Selectors are yet to make a call on whether they should plough on with Scott Kuggeleijn as a fourth quick or bring back spin-bowling all-rounder Mitch Santner.

Southee, meanwhile, has not been pulling his weight in the bowling, managing only four wickets in his past three Tests.

“Each week you’re trying to go out and put your best foot forward,” Southee said on Thursday.

“But there’s no hiding from the fact that the last couple of Test matches have been disappointing. I know that. I’d always like more wickets. And hopefully, there’s some to come.”

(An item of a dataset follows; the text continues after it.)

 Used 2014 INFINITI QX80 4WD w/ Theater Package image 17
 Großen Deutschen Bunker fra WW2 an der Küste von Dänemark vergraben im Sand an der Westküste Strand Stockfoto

Run out for a duck in Wellington before a cheap dismissal by Lyon, Williamson is also determined to rebound and help New Zealand bury a 31-year winless streak on home soil against Australia.

Anything less than victory will go down as another missed opportunity for the Black Caps to free themselves of one of the most stubborn psychological blocks in the sport.

For all that, New Zealand is not bereft of hope.

Australia’s 172-run win in Wellington in four days flattered them somewhat, and the hosts were the architects of their own demise early on day two.

Though Cameron Green got away with an unbeaten 174 and a huge 10th wicket partnership with Josh Hazlewood, the tourists’ batters were otherwise well-contained.

Several, including forlorn number three Marnus Labuschagne and wicketkeeper Alex Carey, are under major pressure.

Should New Zealand get their bowling selection right and Williamson gets back in the runs, Christchurch could have a very different complexion to the opening match in Wellington.

With favourable weather forecast at a ground that has produced results in 11 of 12 matches, fans should be in for a treat as both teams go for broke.

Victory for either team will shore up their place near the top of the World Test Championship standings.